Little Compass RoseCaribbean Compass   May 2005
 


Would You Let a Pirate 
Pack Your Parachute?

by Brad Glidden
As it comes to that time of year when many yachts head offshore, it also comes to the time to think about your lifesaving gear, and the thought should be: We are dealing with lifesaving gear, why would we cut corners?

Your Correspondent was leafing through a cruising sailor's services directory the other day and came across an ad for a management company. Amongst the services they offered was something called "liferaft reconditioning". I used to work for a liferaft service facility that was United States Coast Guard/International Maritime Organization inspected and approved, and where personnel were trained and certified by 42 different liferaft factories - and I have no idea what "liferaft reconditioning" is. In the same publication there were a sailmaker and a marine supply store listed under liferaft servicing. Now maybe these guys serve as a drop-off point and pass the rafts on to a properly licensed repacking station. If they don't, I hope they at least offer life insurance, because, Skipper, you are going to need it. A liferaft repacked by someone who wasn't trained for it represents a clear and present danger to the user. That's you.
Let's look at how often a raft should be inspected, and then by whom.

Most liferaft makers nowadays recommend two to three years from manufacture to the initial service, than yearly after that. Two to three years for a canister-packed-deck-mounted-sitting-and-baking-in-the-tropical-sun raft is certainly a maximum. Yearly keeps your warranty in force. Yearly also helps lessen the sticker shock of an inspection done at longer intervals. Items in the survival pack need replacing on one-, two-, or three-year cycles, and when they all are due at once it's expensive. There are also certain tests done on a three- and five-year schedule. A raft that is five years overdue will need a significant percentage of the cost of a new raft spent to bring it up to date.
For a used raft, if there is any doubt as to when it was last serviced, it is due.
If there is any doubt as to the competence of the last service, it is due.

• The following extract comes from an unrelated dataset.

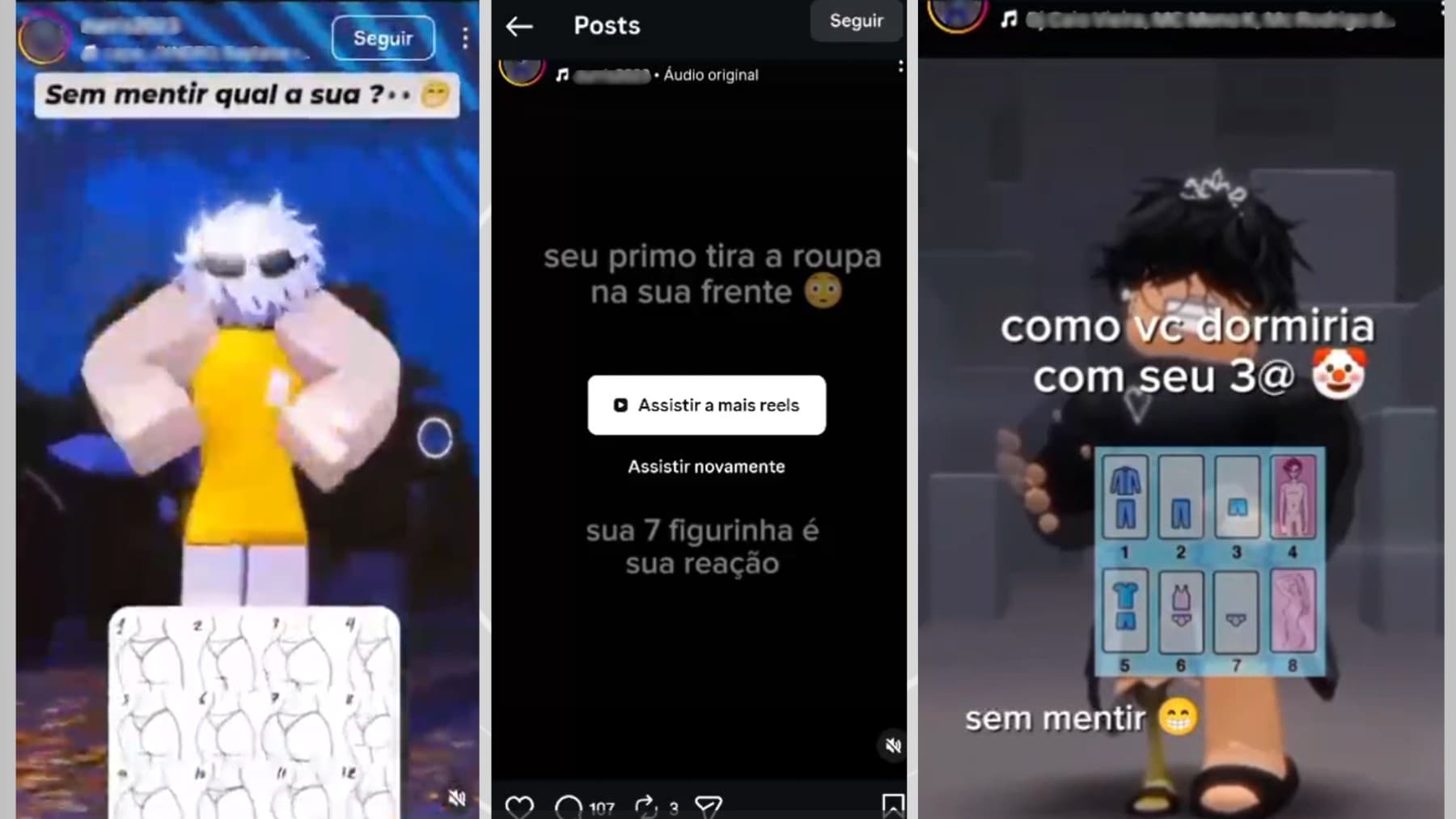 Predador de crianças é preso no Paraná após aliciar vítimas em jogo online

If you are going off to the Back Of Beyond and it may be years before you see another first-class service station, it is due.
Now, where should you take the raft? Here are some suggestions on what to look for in a reputable station.

Specialization
First of all, a place that packs liferafts packs liferafts - and that should be it. A station might be part of a larger business that sells inflatable boats, safety gear et alia, but the liferaft packing part should be dedicated to servicing rafts. No outboards disassembled and lying about. No table saws cutting wood. No puddles of bottom paint, motor oil or epoxy on the shop floor. No cute little shop cats curled up in a raft under inspection. Being multi-talented is laudable. But not in a liferaft station.

Station Certification
Second of all, paperwork. In the United States, a packing station is certified by the US Coast Guard. Slack is not in the Coast Guard's vocabulary. There are standards for the station and they are enforced. Flares are kept in a fireproof box. Tools are not scattered about the floor. Sharp tools are kept off the shop floor at all times when they aren't in someone's hand. Your raft depends on a precise amount of CO2 for inflation. That is determined by weight. There's a scale, with an inspector's seal on it. The condition of the CO2 bottle is determined by a hydrotest. A really first class operation has a hydrotest pressure vessel on the premises. All these requirements and many many more make up a volume of the United States Code. There should be a well-read copy of that around. All this will lead to a Coast Guard approval. Ask to see it.
A station operating outside of the US is subject to SOLAS/IMO rules. Once again there should be a facility inspection certificate, usually issued by a national authority (such as the British MCA) or a well recognized, reputable survey and insurance operation like Lloyds or DNV. Once again ask to see it. This inspection is a general approval for the facility.

Manufacturers' Licenses
Third, even more paperwork, and this time the papers deal with that station's legal right to service your brand of raft. A firm that is licensed by Aardvark Rafts might not be able to deal with Zygote Lifesaving Technology's products. There are a hundred ways of folding a piece of paper into an airplane. Some of them will actually fly. Likewise there are half a dozen ways of getting your raft back into its container. Only ONE of them is the right way for your brand of raft. The only way to know is to go to that manufacturer's service school, take the class, pass the final exam and get a license, which is a legal document giving a specific person the authority to service a liferaft. It is also the only way to get the proper parts for your raft; manufacturers will not sell their parts and supplies to businesses that haven't passed their school. If the business you're entrusting your life to can't produce a manufacturer's diploma, keep on going.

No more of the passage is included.